As he faced his death, Herman Wallace courageously released a final statement: "I want the world to know that I am an innocent man and that Albert Woodfox is innocent as well. We are just two of thousands of wrongfully convicted prisoners held captive in the American Gulag. We mourn for the family of Brent Miller [the murdered prison guard] and the many other victims of murder who will never be able to find closure for the loss of their loved ones due to the unjust criminal justice system in this country. We mourn for the loss of the families of those unjustly accused who suffer the loss of their loved ones as well.
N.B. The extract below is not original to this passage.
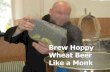 Brew Hoppy Wheat Beer Like a Monk - Somos Cerveceros · Brew Hoppy Wheat Beer Like a Monk . Why Wheat? - Cloudy (if you want it to be) Protein rest at 122° F Nonfloculating yeast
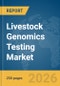 Livestock Genomics Testing Market Report 2026 - Product Thumbnail Image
"Only a handful of prisoners globally have withstood the duration of years of harsh and solitary confinement that Albert and myself have. The State may have stolen my life, but my spirit will continue to struggle along with Albert and the many comrades that have joined us along the way here in the belly of the beast.
"In 1970 I took an oath to dedicate my life as a servant of the people, and although I'm down on my back, I remain at your service. I want to thank all of you, my devoted supporters, for being with me to the end."
After more than four decades of being tortured by this system, Herman Wallace was finally able to spend a few days, able to see the sun, the moon, able to embrace loved ones—a brief respite from the horrors of solitary confinement. His lawyers said in a statement: "One of the final things that Herman said to us was, 'I am free. I am free.'" But what is achingly sad—and utterly maddening—is that this vengeful system robbed him of almost all of his adult life.
In the future, after we get rid of this system, people may ask, a new generation may ask, "How bad was it?" The story of Herman Wallace would certainly stand as a powerful and painful illustration of the old society.